Rotate the image by 90 degrees (clockwise).
Note:
You have to rotate the image in-place, which means you have to modify the input 2D matrix directly. DO NOT allocate another 2D matrix and do the rotation.
Example 1:
Given input matrix = [ [1,2,3], [4,5,6], [7,8,9] ],
rotate the input matrix in-place such that it becomes: [ [7,4,1], [8,5,2], [9,6,3] ]
解法
辣雞韓梅梅,做了好久,這本該很快做出來的,思路就是把整個正方形分成一圈一圈的框,將框中每一個值旋轉90操作,細節還是有點的。。總是對index不是很敏感,需要通過debug來調對。
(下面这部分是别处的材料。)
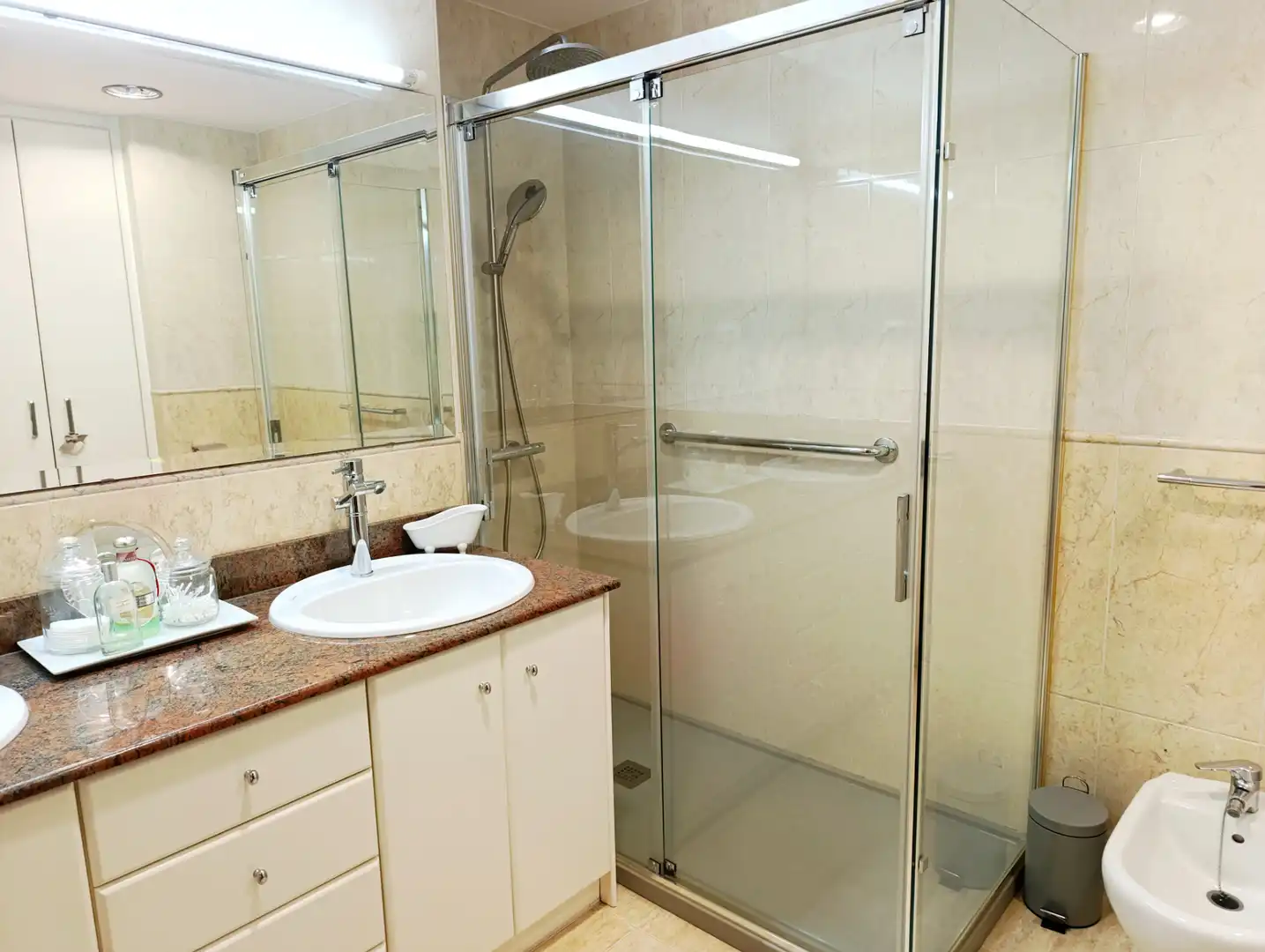 Baño de Casa o chalet en venta en Pineda de Mar con Aire acondicionado, Calefacción y Jardín privado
這次沒看別人的解法還挺棒的,再接再厲!
class Solution {
int[][] dir = {{0,1},{1,0},{0,-1},{-1,0}};
public void rotate(int[][] matrix) {
for(int i=0; i<matrix.length/2; i++){
matrix = rotate_one_square(matrix, i, matrix.length-i-1);
}
}
private int[][] rotate_one_square(int[][] matrix, int begin, int end){
System.out.println("beg "+begin+" "+end);
int len = end - begin + 1;
int next_column, next_row, cur_row, cur_column, cur_value;
int[] arr = new int[len-1];
cur_row = begin;
cur_column = begin;
for(int i = 0; i < len-1; i++){
arr[i] = matrix[cur_row][cur_column+i];
}
System.out.println("cur "+cur_row+" "+cur_column);
for(int j = 0; j < 4; j++){
next_row = cur_row + dir[j][0]*(len-1);
next_column = cur_column + dir[j][1]*(len-1);
System.out.println("before next "+next_row+" "+next_column);
if (next_row >= begin+len){
next_column += next_row - begin - len + 1;
next_row = begin + len - 1;
}
if (next_column >= begin+len){
next_row += next_column - begin - len + 1;
next_column = begin + len - 1;
}
System.out.println("next "+next_row+" "+next_column);
for(int i = 0; i < len-1; i++){
System.out.println("replace "+(next_row+i*dir[(j+1)%4][0])+" "+(next_column+i*dir[(j+1)%4][1])+" with "+ arr[i]);
int temp = matrix[next_row+i*dir[(j+1)%4][0]][next_column+i*dir[(j+1)%4][1]];
matrix[next_row+i*dir[(j+1)%4][0]][next_column+i*dir[(j+1)%4][1]] = arr[i];
arr[i] = temp;
}
cur_row = next_row;
cur_column = next_column;
}
return matrix;
}
}